• Required work: Required from the data below: the exact lines starting at the line containing "Roof And Sky Luxury In Center" and ending at the line containing "NARNI, MURALE DA STREET", with both ends kept and all pictures dropped.

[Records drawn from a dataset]
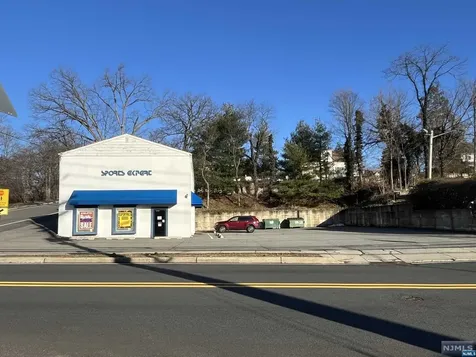 340 Broadway Hillsdale NJ 07642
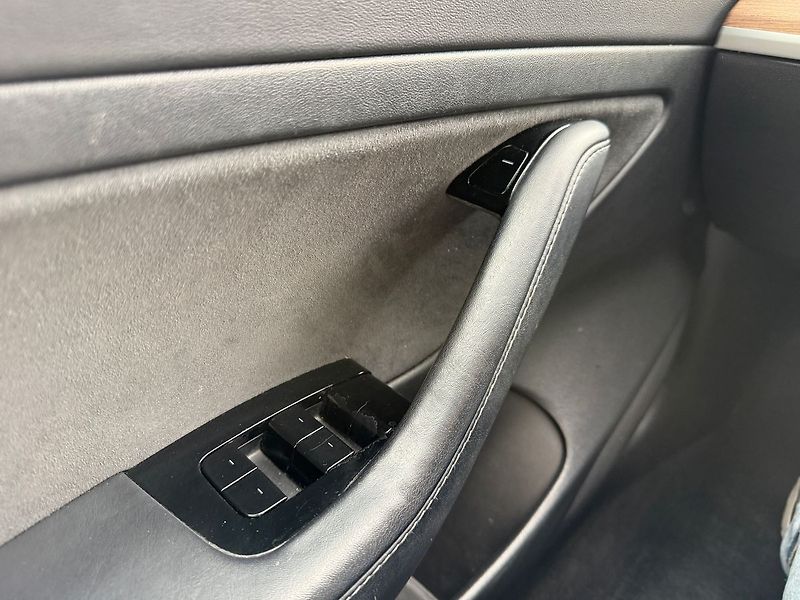 Tesla Model 3 SR Plus REZERVACE - fotka 34 z 39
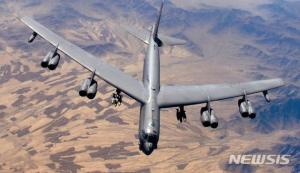 북한 도발에 미국 전략자산 전개 &apos;경고&apos;…B-52H 폭격기·항공모함 뜨나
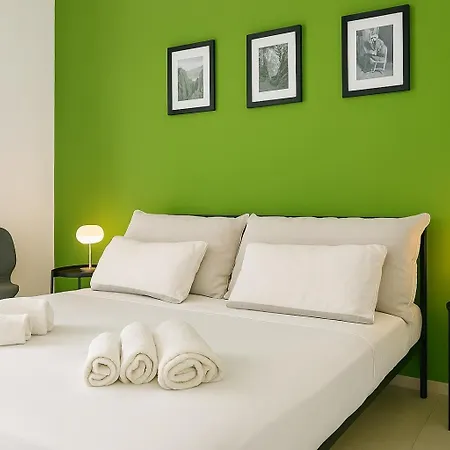 Roof And Sky Luxury In Center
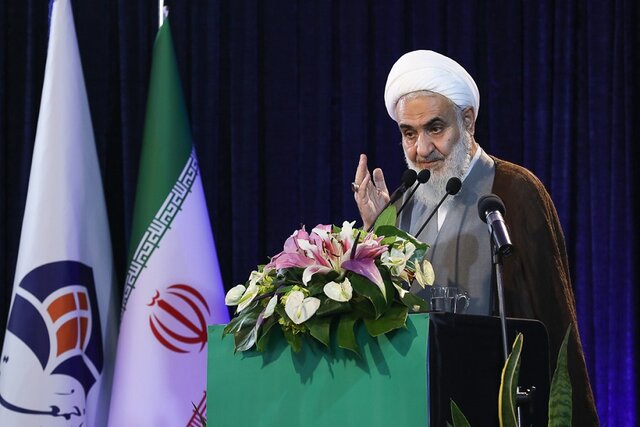 مسئولان قدردان صبوری مردم در مشکلات اقتصادی باشند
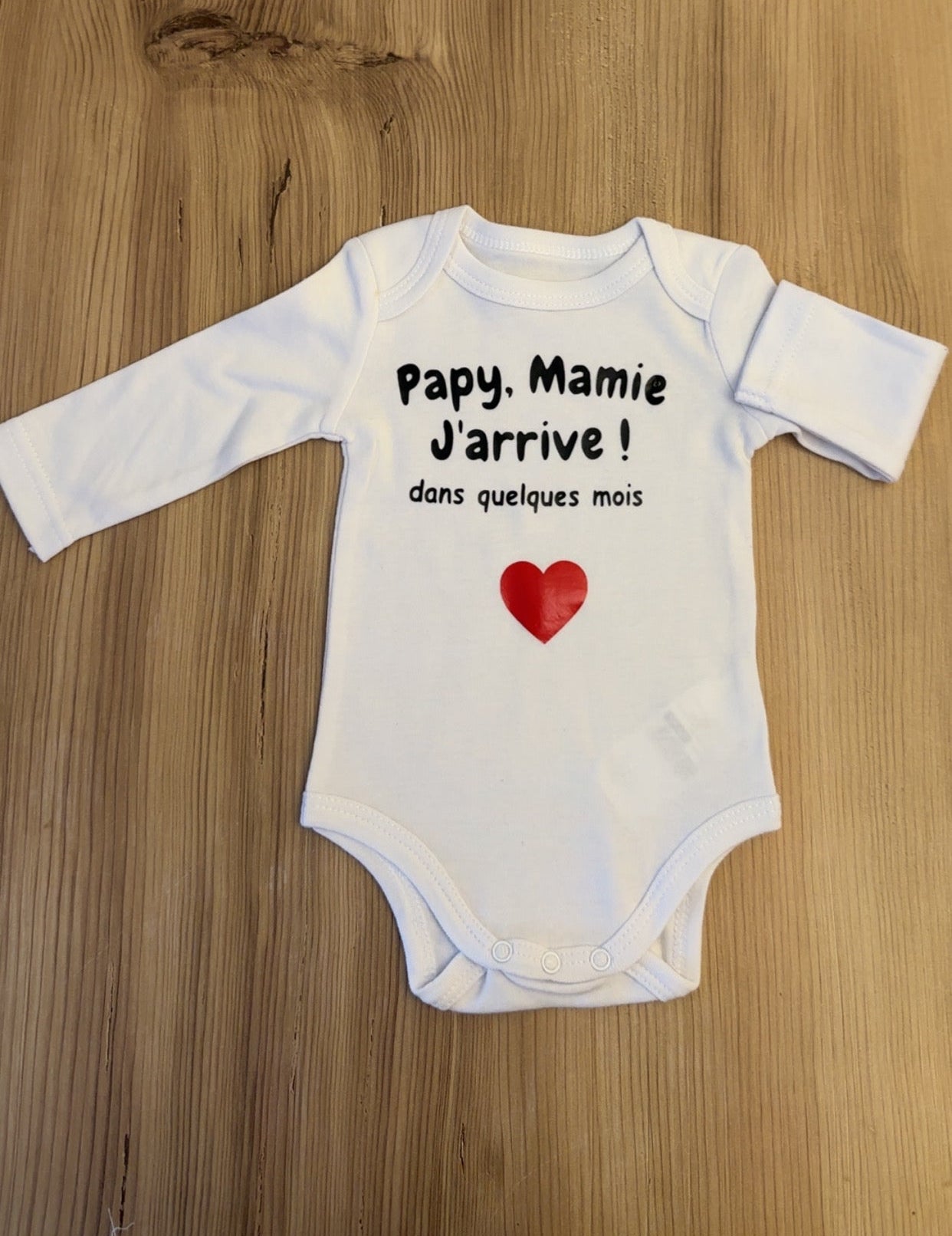 Body bébé “Papy, Mamie… j’arrive dans quelques mois ❤️” – Annonce grossesse originale et émotive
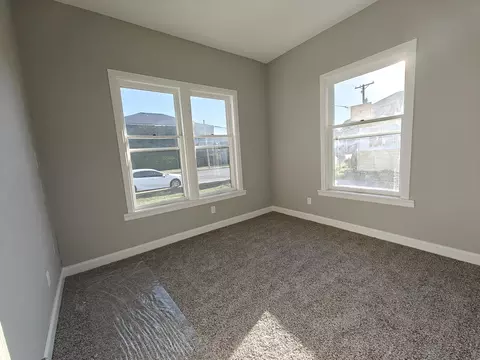 Bedroom - 907 E Washington St, Joliet, IL 60433 photo 3 of 4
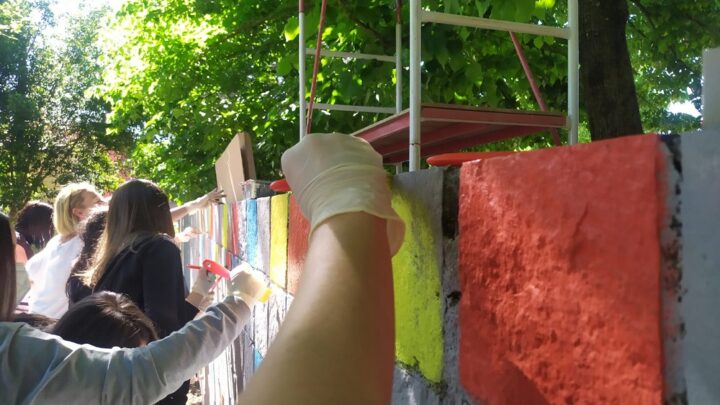 NARNI, MURALE DA STREET ART REALIZZATO IN INGRESSO VIE DEL CINEMA DA ARTISTA POMPILI E STUDENTI LOCALI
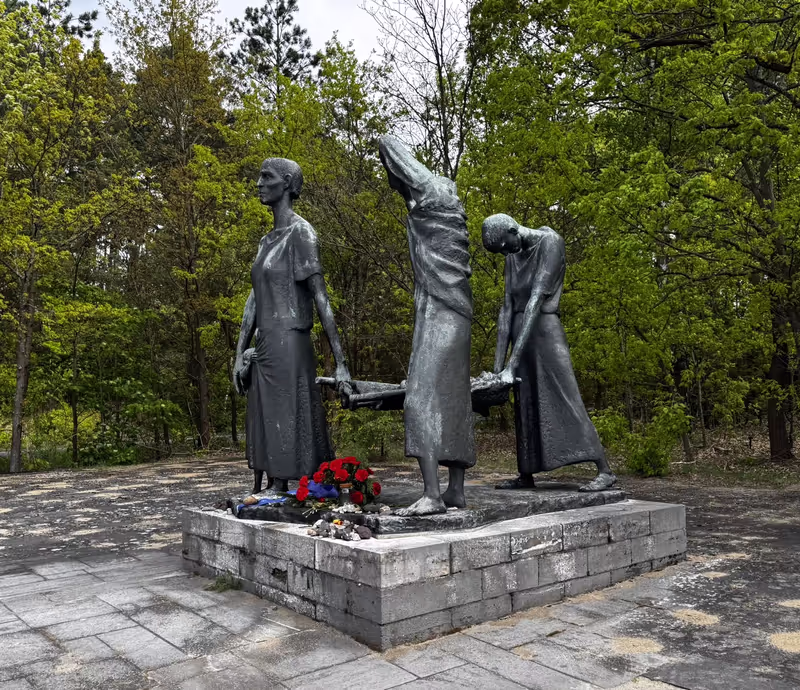 Berlin Private Tour - Women carry the dead child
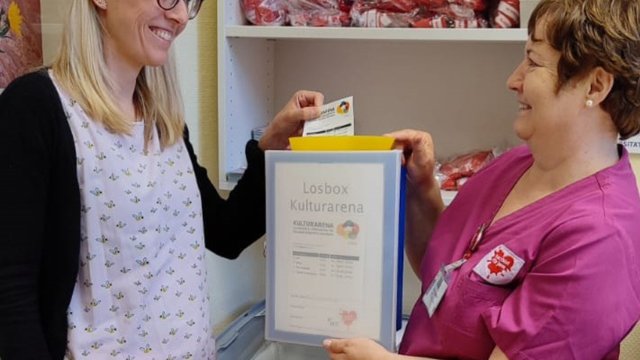 Blutspende am UKJ verlost Kulturarena-Tickets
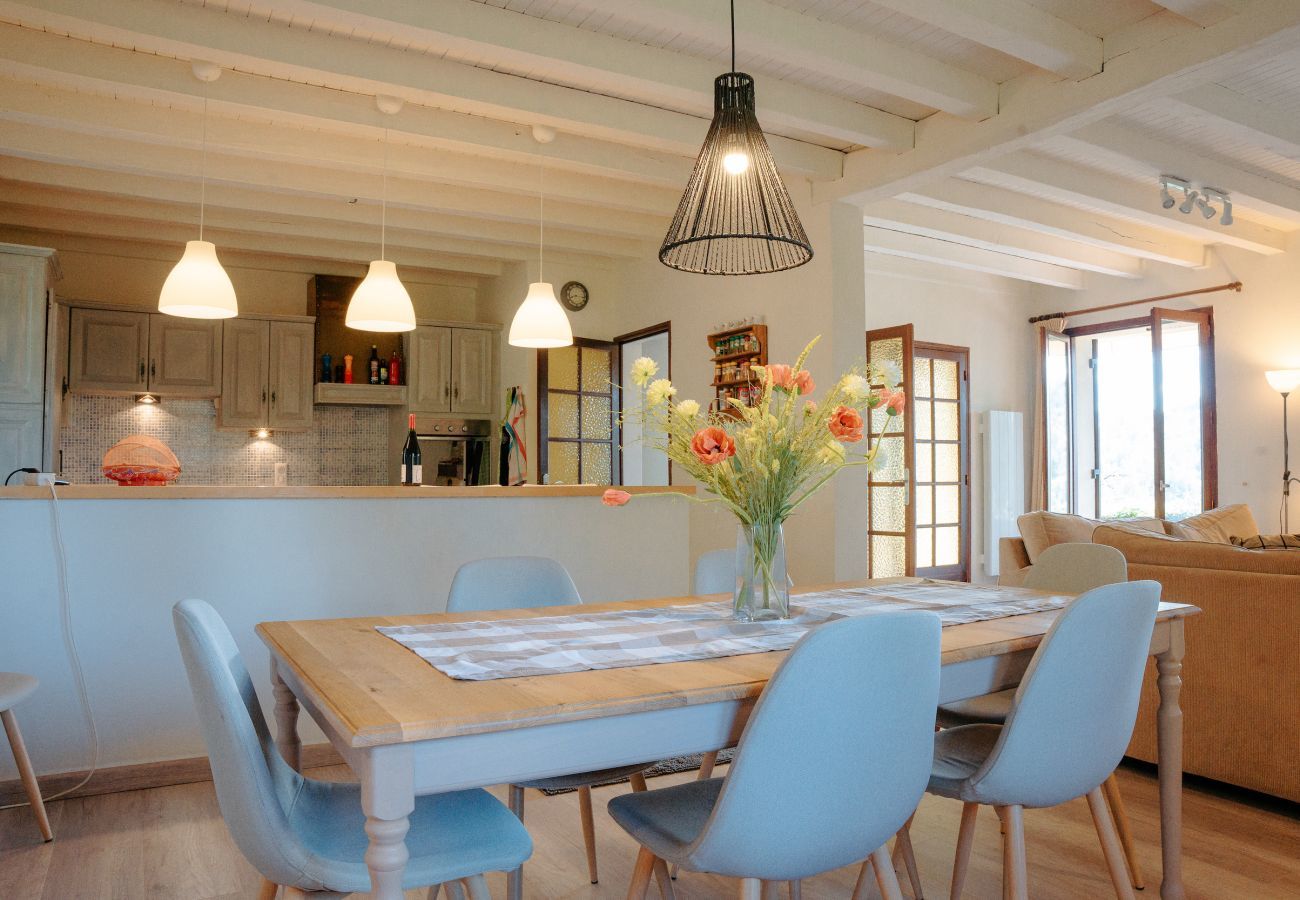 Casa en Auriac-du-Périgord - Finca para 8 personas con piscina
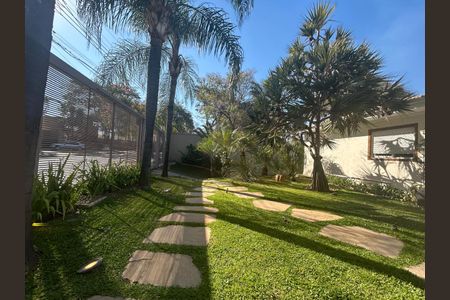 Casa à venda com 4 quartos, 548m² em Garças, Belo Horizonte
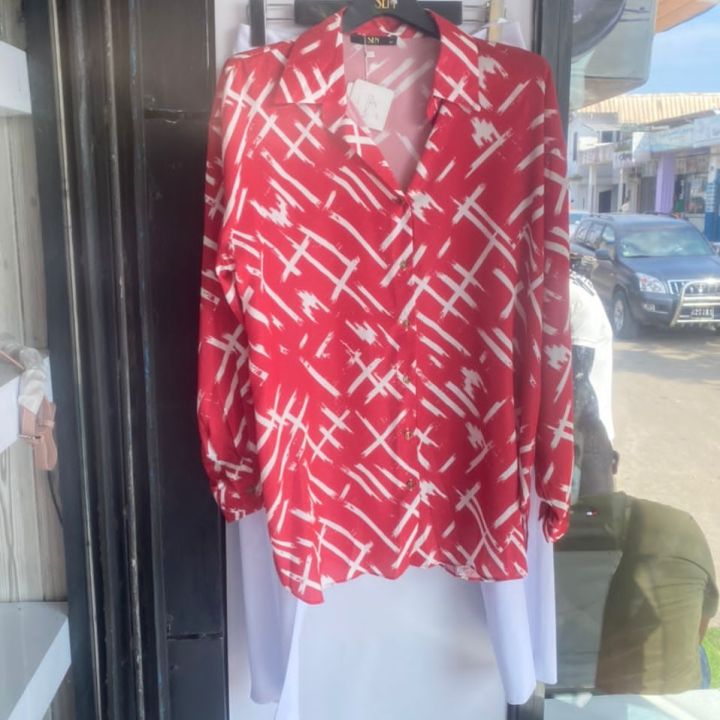 chemise rouge
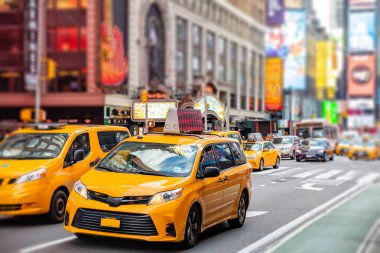New York, Broadway sokakları. Yüksek binalar, renkli neon ışıklar, reklamlar ve arabalar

• Expected answer:
 Roof And Sky Luxury In Center
 مسئولان قدردان صبوری مردم در مشکلات اقتصادی باشند
 Body bébé “Papy, Mamie… j’arrive dans quelques mois ❤️” – Annonce grossesse originale et émotive
 Bedroom - 907 E Washington St, Joliet, IL 60433 photo 3 of 4
 NARNI, MURALE DA STREET ART REALIZZATO IN INGRESSO VIE DEL CINEMA DA ARTISTA POMPILI E STUDENTI LOCALI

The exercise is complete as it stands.